--- EXERCISE DESCRIPTION ---
Pictures excluded, reproduce exactly the lines below from the one with "Volkswagen Golf 1.5" through the one with "السيارات الهجينة والكهربائية", both included.

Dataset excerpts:
╔══

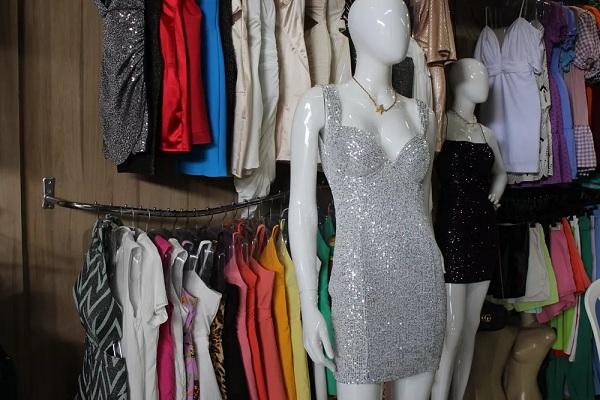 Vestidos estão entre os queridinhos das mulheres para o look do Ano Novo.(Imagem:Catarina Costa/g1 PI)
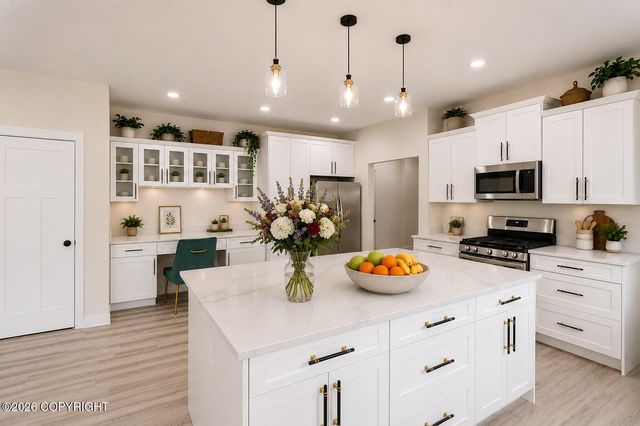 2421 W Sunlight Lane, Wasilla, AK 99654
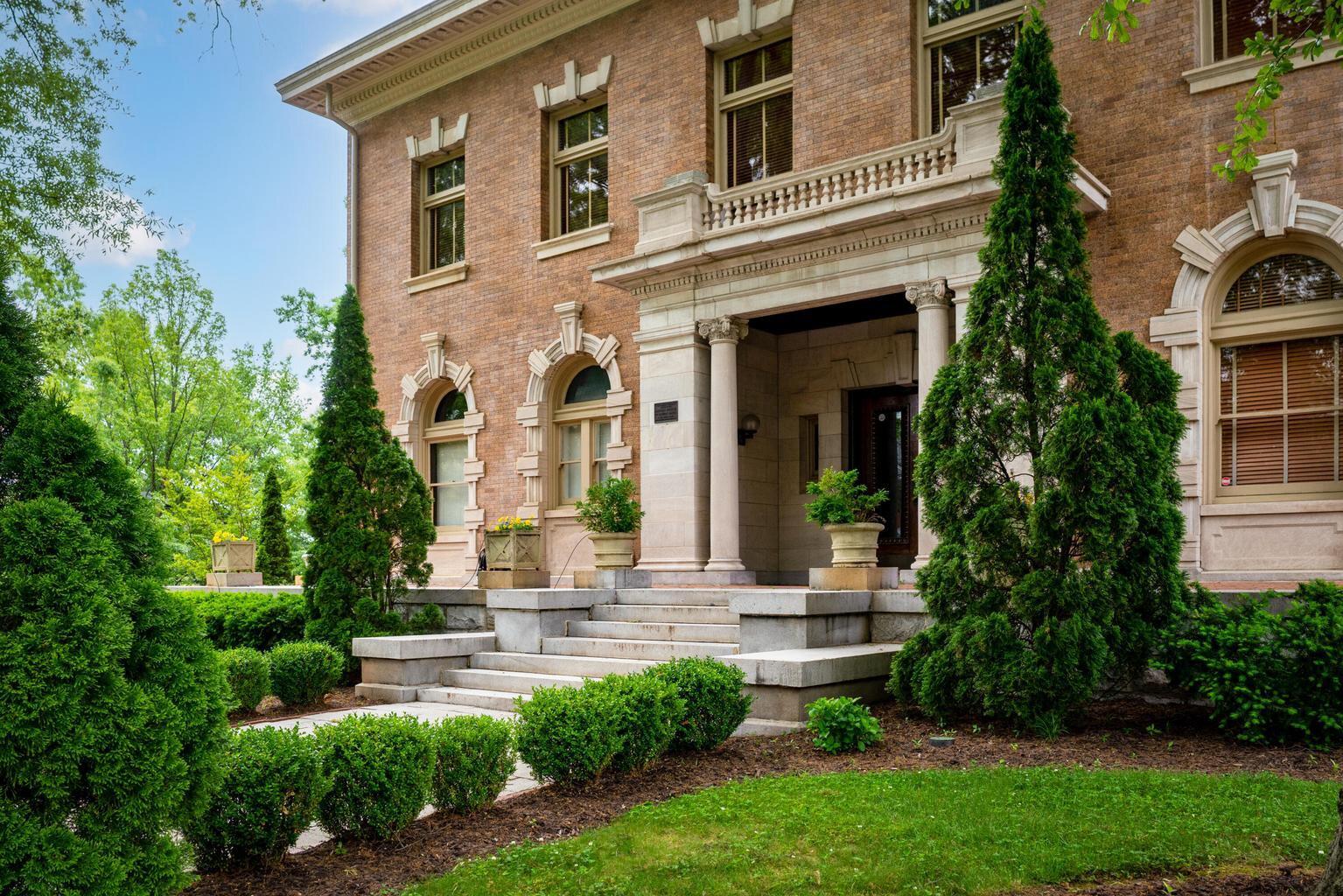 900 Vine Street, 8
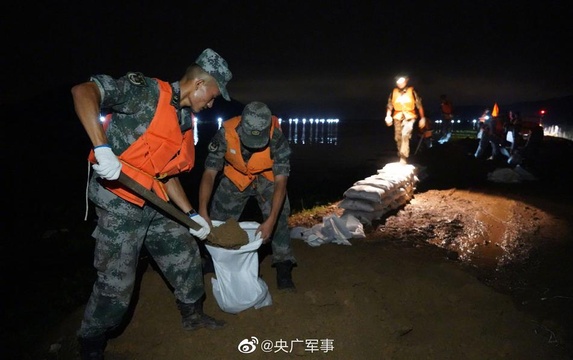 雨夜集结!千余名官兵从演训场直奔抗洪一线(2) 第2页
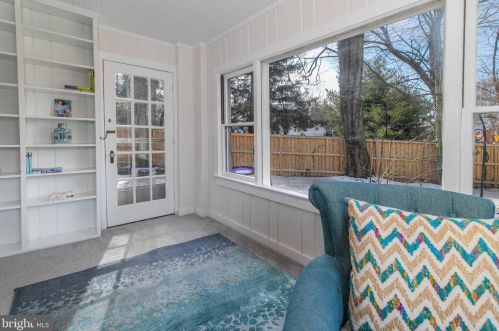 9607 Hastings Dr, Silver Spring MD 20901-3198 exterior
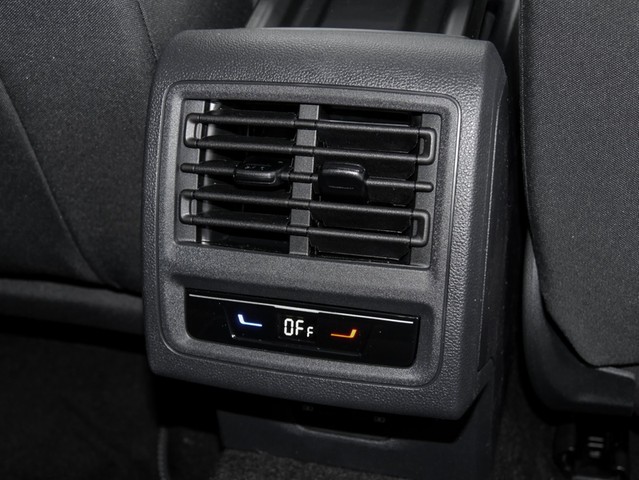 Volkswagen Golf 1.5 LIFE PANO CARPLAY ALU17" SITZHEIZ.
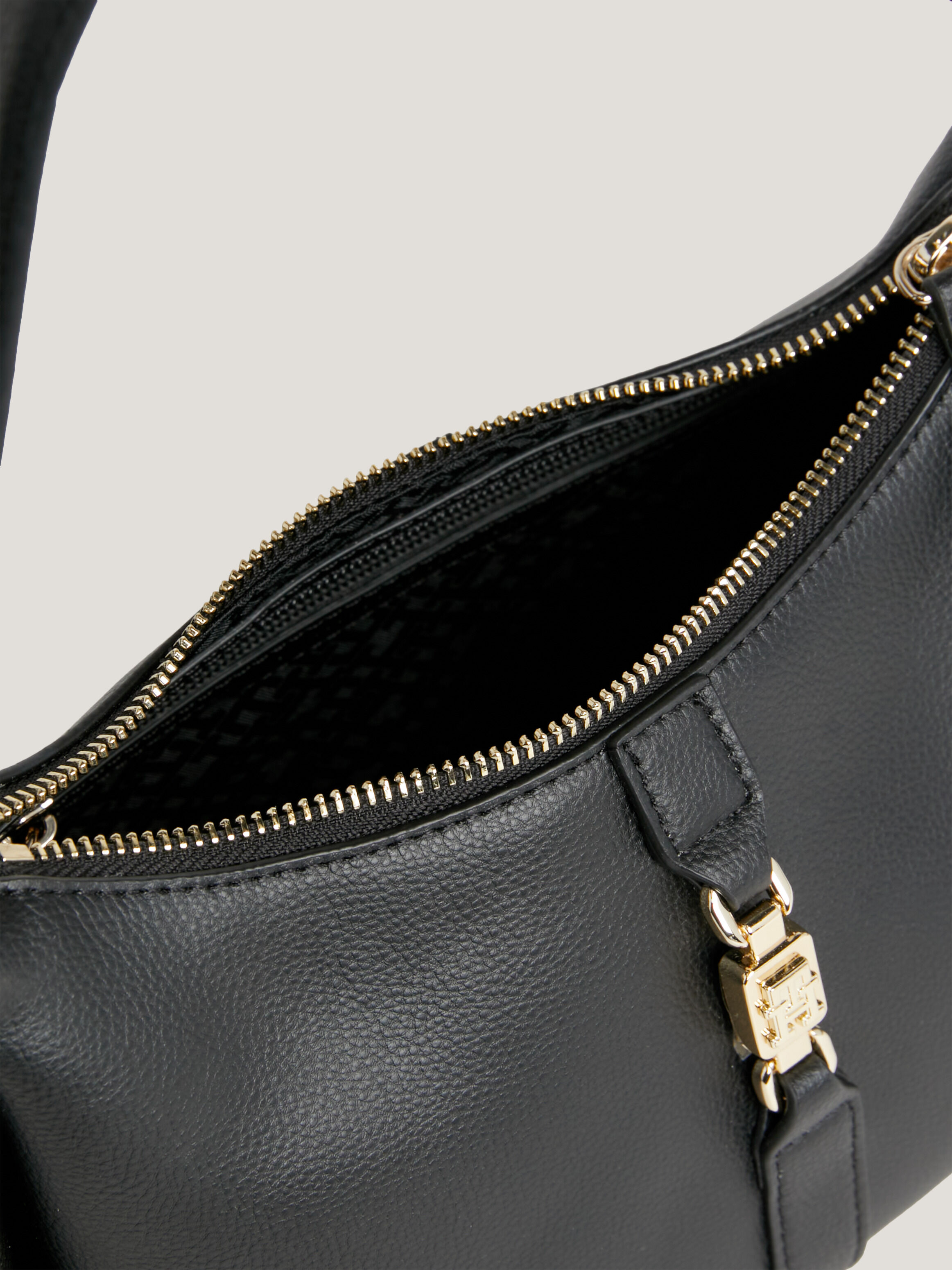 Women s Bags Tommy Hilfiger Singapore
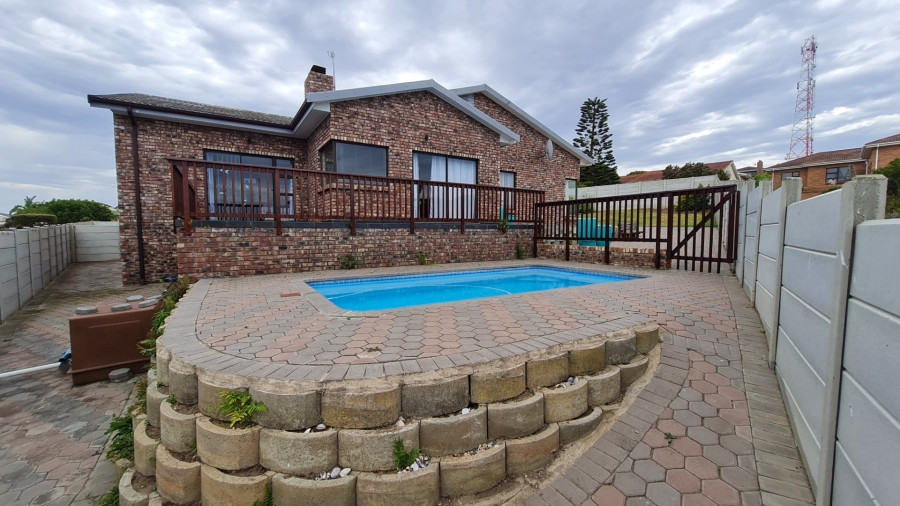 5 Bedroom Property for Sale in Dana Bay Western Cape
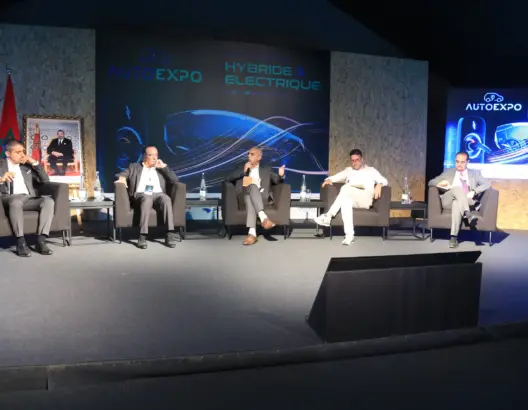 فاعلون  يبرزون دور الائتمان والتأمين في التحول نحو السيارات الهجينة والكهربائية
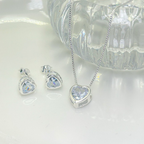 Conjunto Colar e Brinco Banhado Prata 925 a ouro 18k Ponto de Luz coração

╚══

--- WRITTEN SOLUTION ---
 Volkswagen Golf 1.5 LIFE PANO CARPLAY ALU17" SITZHEIZ.
 Women s Bags Tommy Hilfiger Singapore
 5 Bedroom Property for Sale in Dana Bay Western Cape
 فاعلون  يبرزون دور الائتمان والتأمين في التحول نحو السيارات الهجينة والكهربائية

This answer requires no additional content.